■ Supplied data ■
--- START ---
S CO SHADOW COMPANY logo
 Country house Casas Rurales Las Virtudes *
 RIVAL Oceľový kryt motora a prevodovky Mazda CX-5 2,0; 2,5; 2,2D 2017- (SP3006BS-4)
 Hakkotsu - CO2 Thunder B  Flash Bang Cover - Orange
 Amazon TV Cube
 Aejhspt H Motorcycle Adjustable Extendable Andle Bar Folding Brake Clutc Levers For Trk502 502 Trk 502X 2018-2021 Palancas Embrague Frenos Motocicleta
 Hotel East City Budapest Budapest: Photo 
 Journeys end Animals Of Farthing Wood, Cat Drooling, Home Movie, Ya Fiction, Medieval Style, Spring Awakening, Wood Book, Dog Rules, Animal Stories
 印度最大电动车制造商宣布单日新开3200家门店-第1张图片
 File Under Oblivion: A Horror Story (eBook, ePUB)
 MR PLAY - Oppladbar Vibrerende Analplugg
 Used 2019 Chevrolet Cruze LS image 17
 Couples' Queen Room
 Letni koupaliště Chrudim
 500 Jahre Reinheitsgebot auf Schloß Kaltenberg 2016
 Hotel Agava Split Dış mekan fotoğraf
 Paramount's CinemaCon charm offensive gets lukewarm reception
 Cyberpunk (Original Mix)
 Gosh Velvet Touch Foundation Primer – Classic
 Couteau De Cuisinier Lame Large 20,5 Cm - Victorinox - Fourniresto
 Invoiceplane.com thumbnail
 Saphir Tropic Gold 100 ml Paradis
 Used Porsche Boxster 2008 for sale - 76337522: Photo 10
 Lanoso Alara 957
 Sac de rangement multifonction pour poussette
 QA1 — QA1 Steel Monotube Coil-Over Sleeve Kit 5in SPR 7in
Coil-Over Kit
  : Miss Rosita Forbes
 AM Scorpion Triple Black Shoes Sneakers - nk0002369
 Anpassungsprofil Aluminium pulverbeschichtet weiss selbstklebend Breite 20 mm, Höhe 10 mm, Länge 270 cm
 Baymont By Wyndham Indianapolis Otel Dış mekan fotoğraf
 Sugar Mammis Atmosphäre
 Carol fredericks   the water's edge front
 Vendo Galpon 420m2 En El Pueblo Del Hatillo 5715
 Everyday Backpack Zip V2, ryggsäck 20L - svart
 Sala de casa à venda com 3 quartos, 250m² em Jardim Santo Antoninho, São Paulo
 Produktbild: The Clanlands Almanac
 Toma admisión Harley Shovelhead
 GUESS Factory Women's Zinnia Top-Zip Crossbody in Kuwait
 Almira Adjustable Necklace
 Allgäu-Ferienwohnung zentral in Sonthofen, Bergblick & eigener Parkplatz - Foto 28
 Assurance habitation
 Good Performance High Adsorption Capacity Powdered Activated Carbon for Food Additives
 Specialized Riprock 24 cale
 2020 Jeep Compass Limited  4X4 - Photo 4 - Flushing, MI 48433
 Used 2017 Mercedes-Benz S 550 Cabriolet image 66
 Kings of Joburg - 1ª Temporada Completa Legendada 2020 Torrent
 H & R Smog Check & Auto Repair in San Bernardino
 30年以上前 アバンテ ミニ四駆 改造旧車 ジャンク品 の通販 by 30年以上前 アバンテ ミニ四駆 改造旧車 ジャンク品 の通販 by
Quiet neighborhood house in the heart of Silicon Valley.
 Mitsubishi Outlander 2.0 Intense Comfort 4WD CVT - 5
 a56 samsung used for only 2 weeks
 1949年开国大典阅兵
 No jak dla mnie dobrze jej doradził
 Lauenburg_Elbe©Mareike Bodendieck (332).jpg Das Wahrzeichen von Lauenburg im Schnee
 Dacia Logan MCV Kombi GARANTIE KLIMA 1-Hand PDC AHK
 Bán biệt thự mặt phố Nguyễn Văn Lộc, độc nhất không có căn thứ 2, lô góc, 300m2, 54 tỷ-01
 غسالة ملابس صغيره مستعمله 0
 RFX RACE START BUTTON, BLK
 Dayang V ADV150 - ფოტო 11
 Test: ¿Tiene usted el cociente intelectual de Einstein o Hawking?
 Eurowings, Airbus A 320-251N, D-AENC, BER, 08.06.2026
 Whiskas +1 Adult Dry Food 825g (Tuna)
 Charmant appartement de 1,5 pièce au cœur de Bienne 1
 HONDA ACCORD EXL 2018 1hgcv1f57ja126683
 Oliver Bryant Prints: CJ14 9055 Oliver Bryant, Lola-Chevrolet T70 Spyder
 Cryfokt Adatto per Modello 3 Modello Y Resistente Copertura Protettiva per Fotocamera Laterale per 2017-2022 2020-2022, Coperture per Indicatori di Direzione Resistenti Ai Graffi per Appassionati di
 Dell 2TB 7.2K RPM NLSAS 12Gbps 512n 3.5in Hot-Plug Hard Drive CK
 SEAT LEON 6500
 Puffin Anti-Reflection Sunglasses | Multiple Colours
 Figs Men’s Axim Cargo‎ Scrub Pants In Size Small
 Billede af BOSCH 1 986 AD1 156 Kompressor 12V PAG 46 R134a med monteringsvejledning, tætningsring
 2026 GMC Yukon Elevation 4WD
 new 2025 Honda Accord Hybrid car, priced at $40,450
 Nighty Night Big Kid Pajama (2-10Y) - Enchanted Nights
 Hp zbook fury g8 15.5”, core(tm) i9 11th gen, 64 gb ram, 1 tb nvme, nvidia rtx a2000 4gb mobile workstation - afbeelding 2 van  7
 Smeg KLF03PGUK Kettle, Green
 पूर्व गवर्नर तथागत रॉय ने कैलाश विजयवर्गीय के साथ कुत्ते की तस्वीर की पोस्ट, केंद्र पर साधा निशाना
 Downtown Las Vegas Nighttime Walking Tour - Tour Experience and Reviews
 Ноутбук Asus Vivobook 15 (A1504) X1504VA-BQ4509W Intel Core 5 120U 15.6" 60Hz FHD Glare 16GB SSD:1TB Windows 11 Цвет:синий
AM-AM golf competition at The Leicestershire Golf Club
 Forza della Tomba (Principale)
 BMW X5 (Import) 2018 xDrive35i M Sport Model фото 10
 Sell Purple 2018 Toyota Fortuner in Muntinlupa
--- END ---
■ Exercise prompt ■
Exactly as they appear above, copy out all the records.

■ Your response ■
S CO SHADOW COMPANY logo
 Country house Casas Rurales Las Virtudes *
 RIVAL Oceľový kryt motora a prevodovky Mazda CX-5 2,0; 2,5; 2,2D 2017- (SP3006BS-4)
 Hakkotsu - CO2 Thunder B  Flash Bang Cover - Orange
 Amazon TV Cube
 Aejhspt H Motorcycle Adjustable Extendable Andle Bar Folding Brake Clutc Levers For Trk502 502 Trk 502X 2018-2021 Palancas Embrague Frenos Motocicleta
 Hotel East City Budapest Budapest: Photo 
 Journeys end Animals Of Farthing Wood, Cat Drooling, Home Movie, Ya Fiction, Medieval Style, Spring Awakening, Wood Book, Dog Rules, Animal Stories
 印度最大电动车制造商宣布单日新开3200家门店-第1张图片
 File Under Oblivion: A Horror Story (eBook, ePUB)
 MR PLAY - Oppladbar Vibrerende Analplugg
 Used 2019 Chevrolet Cruze LS image 17
 Couples' Queen Room
 Letni koupaliště Chrudim
 500 Jahre Reinheitsgebot auf Schloß Kaltenberg 2016
 Hotel Agava Split Dış mekan fotoğraf
 Paramount's CinemaCon charm offensive gets lukewarm reception
 Cyberpunk (Original Mix)
 Gosh Velvet Touch Foundation Primer – Classic
 Couteau De Cuisinier Lame Large 20,5 Cm - Victorinox - Fourniresto
 Invoiceplane.com thumbnail
 Saphir Tropic Gold 100 ml Paradis
 Used Porsche Boxster 2008 for sale - 76337522: Photo 10
 Lanoso Alara 957
 Sac de rangement multifonction pour poussette
 QA1 — QA1 Steel Monotube Coil-Over Sleeve Kit 5in SPR 7in
Coil-Over Kit
  : Miss Rosita Forbes
 AM Scorpion Triple Black Shoes Sneakers - nk0002369
 Anpassungsprofil Aluminium pulverbeschichtet weiss selbstklebend Breite 20 mm, Höhe 10 mm, Länge 270 cm
 Baymont By Wyndham Indianapolis Otel Dış mekan fotoğraf
 Sugar Mammis Atmosphäre
 Carol fredericks   the water's edge front
 Vendo Galpon 420m2 En El Pueblo Del Hatillo 5715
 Everyday Backpack Zip V2, ryggsäck 20L - svart
 Sala de casa à venda com 3 quartos, 250m² em Jardim Santo Antoninho, São Paulo
 Produktbild: The Clanlands Almanac
 Toma admisión Harley Shovelhead
 GUESS Factory Women's Zinnia Top-Zip Crossbody in Kuwait
 Almira Adjustable Necklace
 Allgäu-Ferienwohnung zentral in Sonthofen, Bergblick & eigener Parkplatz - Foto 28
 Assurance habitation
 Good Performance High Adsorption Capacity Powdered Activated Carbon for Food Additives
 Specialized Riprock 24 cale
 2020 Jeep Compass Limited  4X4 - Photo 4 - Flushing, MI 48433
 Used 2017 Mercedes-Benz S 550 Cabriolet image 66
 Kings of Joburg - 1ª Temporada Completa Legendada 2020 Torrent
 H & R Smog Check & Auto Repair in San Bernardino
 30年以上前 アバンテ ミニ四駆 改造旧車 ジャンク品 の通販 by 30年以上前 アバンテ ミニ四駆 改造旧車 ジャンク品 の通販 by
Quiet neighborhood house in the heart of Silicon Valley.
 Mitsubishi Outlander 2.0 Intense Comfort 4WD CVT - 5
 a56 samsung used for only 2 weeks
 1949年开国大典阅兵
 No jak dla mnie dobrze jej doradził
 Lauenburg_Elbe©Mareike Bodendieck (332).jpg Das Wahrzeichen von Lauenburg im Schnee
 Dacia Logan MCV Kombi GARANTIE KLIMA 1-Hand PDC AHK
 Bán biệt thự mặt phố Nguyễn Văn Lộc, độc nhất không có căn thứ 2, lô góc, 300m2, 54 tỷ-01
 غسالة ملابس صغيره مستعمله 0
 RFX RACE START BUTTON, BLK
 Dayang V ADV150 - ფოტო 11
 Test: ¿Tiene usted el cociente intelectual de Einstein o Hawking?
 Eurowings, Airbus A 320-251N, D-AENC, BER, 08.06.2026
 Whiskas +1 Adult Dry Food 825g (Tuna)
 Charmant appartement de 1,5 pièce au cœur de Bienne 1
 HONDA ACCORD EXL 2018 1hgcv1f57ja126683
 Oliver Bryant Prints: CJ14 9055 Oliver Bryant, Lola-Chevrolet T70 Spyder
 Cryfokt Adatto per Modello 3 Modello Y Resistente Copertura Protettiva per Fotocamera Laterale per 2017-2022 2020-2022, Coperture per Indicatori di Direzione Resistenti Ai Graffi per Appassionati di
 Dell 2TB 7.2K RPM NLSAS 12Gbps 512n 3.5in Hot-Plug Hard Drive CK
 SEAT LEON 6500
 Puffin Anti-Reflection Sunglasses | Multiple Colours
 Figs Men’s Axim Cargo‎ Scrub Pants In Size Small
 Billede af BOSCH 1 986 AD1 156 Kompressor 12V PAG 46 R134a med monteringsvejledning, tætningsring
 2026 GMC Yukon Elevation 4WD
 new 2025 Honda Accord Hybrid car, priced at $40,450
 Nighty Night Big Kid Pajama (2-10Y) - Enchanted Nights
 Hp zbook fury g8 15.5”, core(tm) i9 11th gen, 64 gb ram, 1 tb nvme, nvidia rtx a2000 4gb mobile workstation - afbeelding 2 van  7
 Smeg KLF03PGUK Kettle, Green
 पूर्व गवर्नर तथागत रॉय ने कैलाश विजयवर्गीय के साथ कुत्ते की तस्वीर की पोस्ट, केंद्र पर साधा निशाना
 Downtown Las Vegas Nighttime Walking Tour - Tour Experience and Reviews
 Ноутбук Asus Vivobook 15 (A1504) X1504VA-BQ4509W Intel Core 5 120U 15.6" 60Hz FHD Glare 16GB SSD:1TB Windows 11 Цвет:синий
AM-AM golf competition at The Leicestershire Golf Club
 Forza della Tomba (Principale)
 BMW X5 (Import) 2018 xDrive35i M Sport Model фото 10
 Sell Purple 2018 Toyota Fortuner in Muntinlupa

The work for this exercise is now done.